#### WHAT YOU ARE ASKED TO DO:
Begin at the line containing "Normally in pH" and restate it and each line after it exactly, up to and including the last line below. Leave pictures out.

-- Opening Marker --

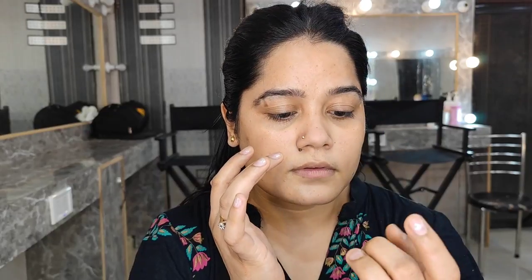Apply primer only where the pores are visible — you don't need to put it all over the face. It is not a massage cream. If you have more pores, use primer in those areas of your base. Don't spread it across the entire face.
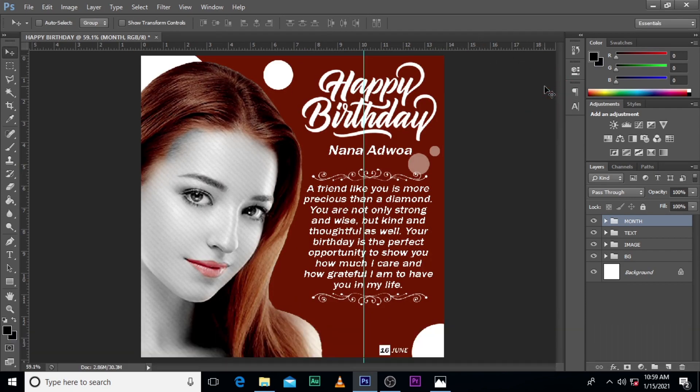So listen, gentlemen — this is how you design this type of birthday flyer. Please give me a like, comment in the comment section and tell me what you want me to do. If you have any suggestions, leave a comment there for me to review, and please don't forget to hit the bell icon and subscribe to this channel so that anytime I release new videos you'll be notified.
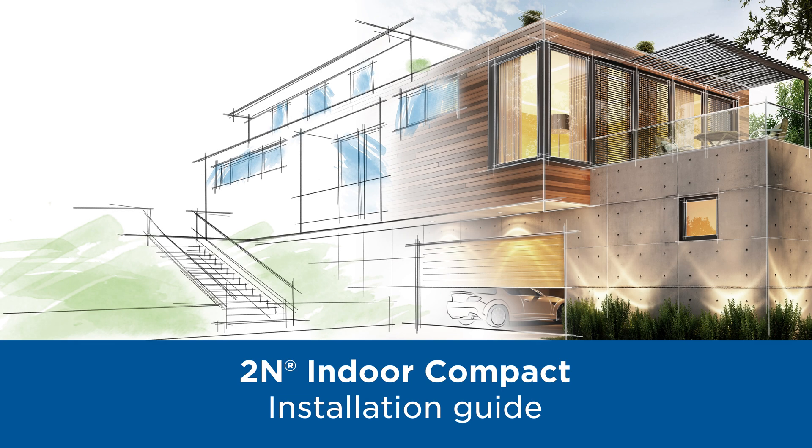Hello and welcome to this video tutorial which will show you how to install our new answering units, in this case the 2N Indoor Compact.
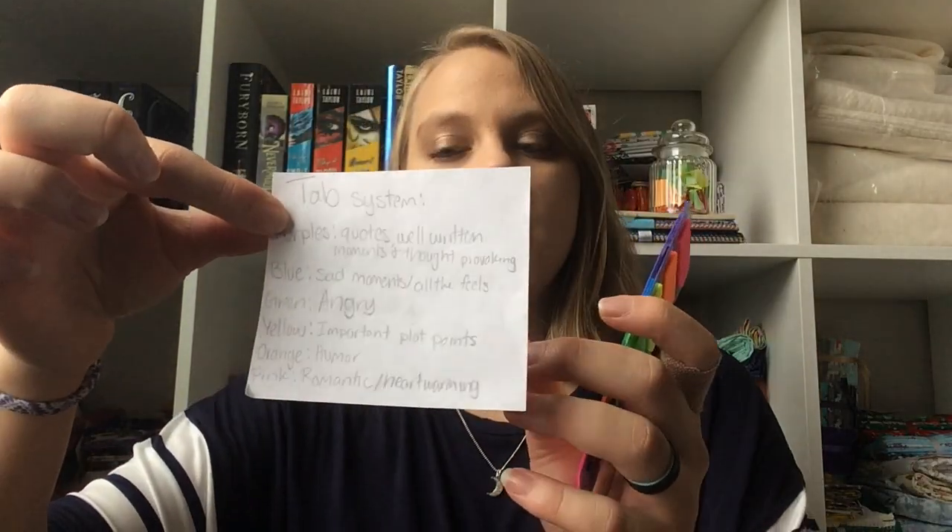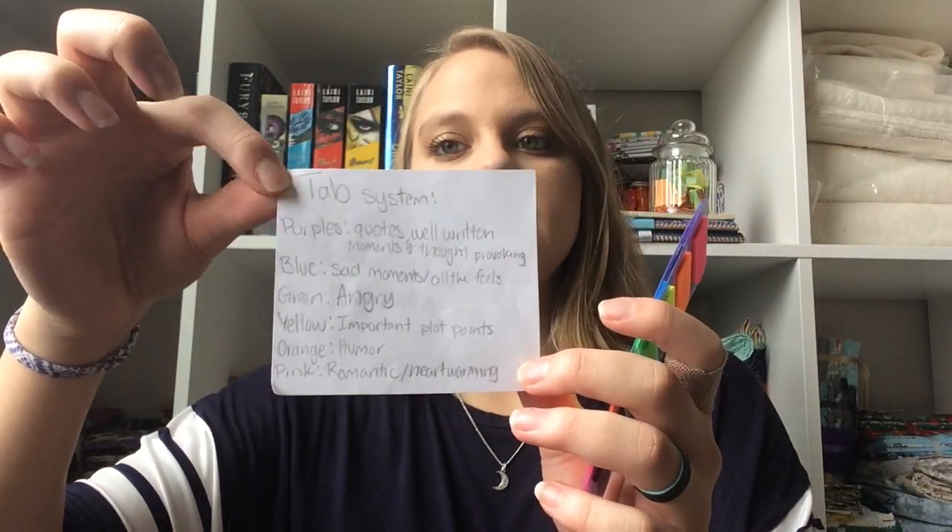I assigned a certain topic, feeling, or theme to each color of the tab, and I made myself a little cheat sheet. When I was first getting used to my system, I would put this cheat sheet in the front of the book so I would know what color to use. Now I know my system well enough that I just keep it out — I don't really need it in the books anymore.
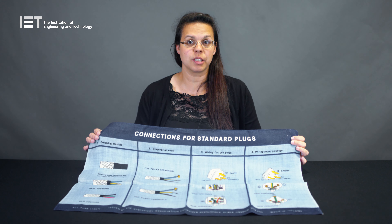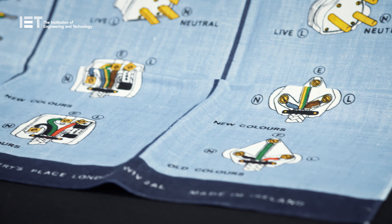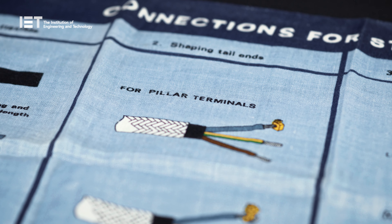At this point, consumers bought their household appliances without a plug and were expected to wire it themselves. That's why tea towels such as these were created, to help educate consumers how to do it themselves at home.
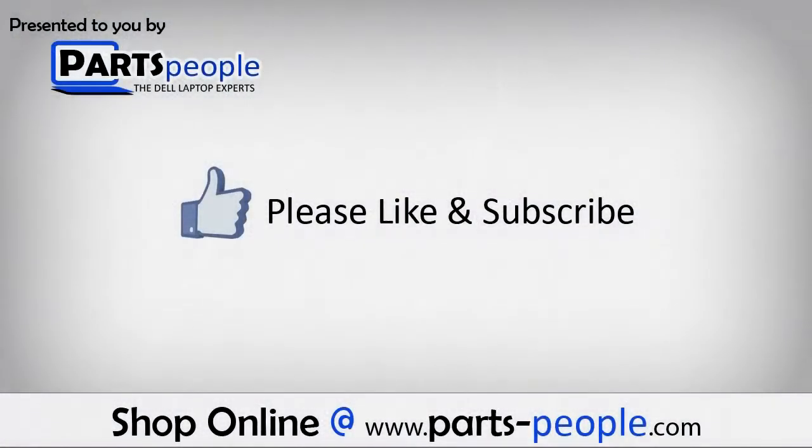We hope you found this tutorial useful. All parts discussed in this tutorial can be found at partspeople.com.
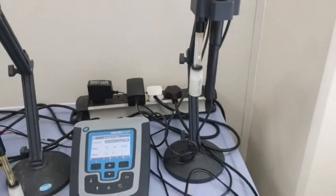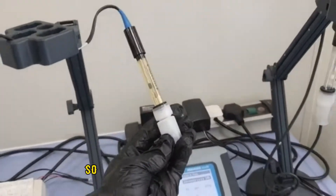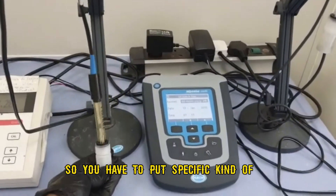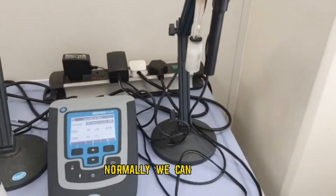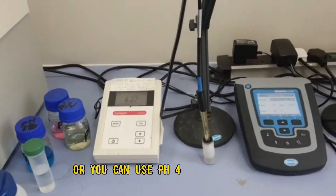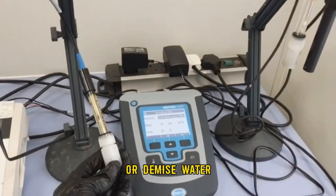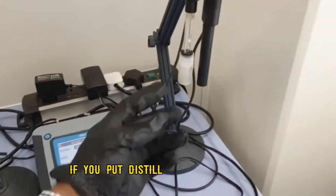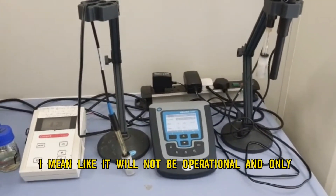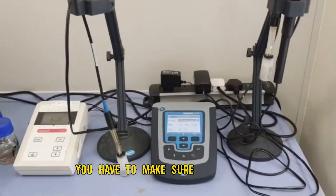Normally in pH meters we have to put a certain kind of solution — you cannot put just any acid or base. You have to put specific solutions, such as an electrolyte, pH 4, or pH 7 buffer. You should not put distilled water or deionized water, because if you do, the probe will not be operational.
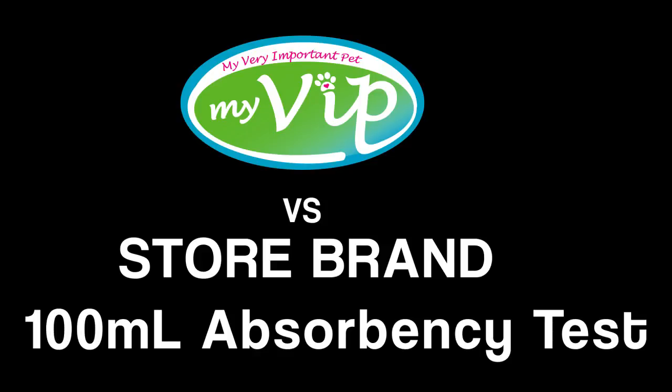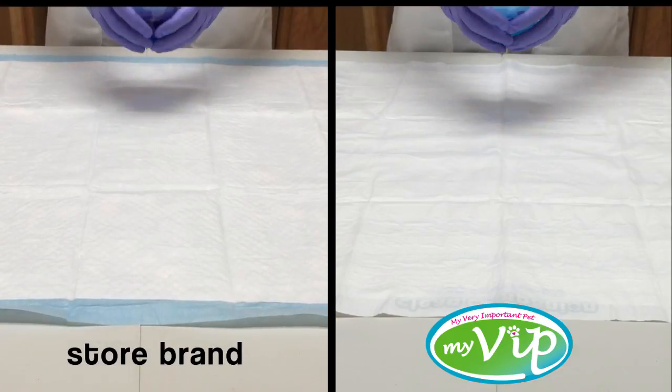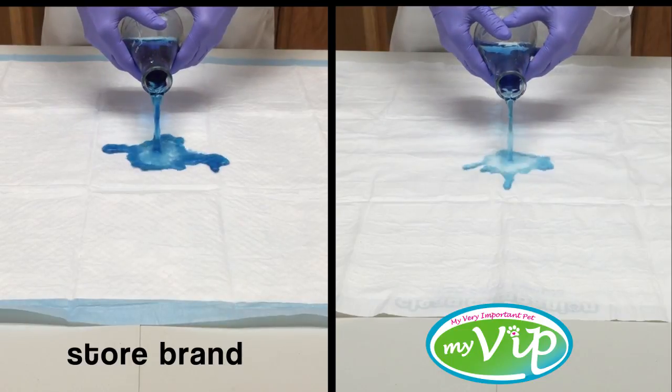We're going to demonstrate the unique absorbency that the MyVIP PetPad offers over the store brand in a side-by-side comparison. In this test, we'll be using 100 milliliters of water.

-- Closing Marker --

#### RESPONSE BOX:
Normally in pH meters we have to put a certain kind of solution — you cannot put just any acid or base. You have to put specific solutions, such as an electrolyte, pH 4, or pH 7 buffer. You should not put distilled water or deionized water, because if you do, the probe will not be operational.
We're going to demonstrate the unique absorbency that the MyVIP PetPad offers over the store brand in a side-by-side comparison. In this test, we'll be using 100 milliliters of water.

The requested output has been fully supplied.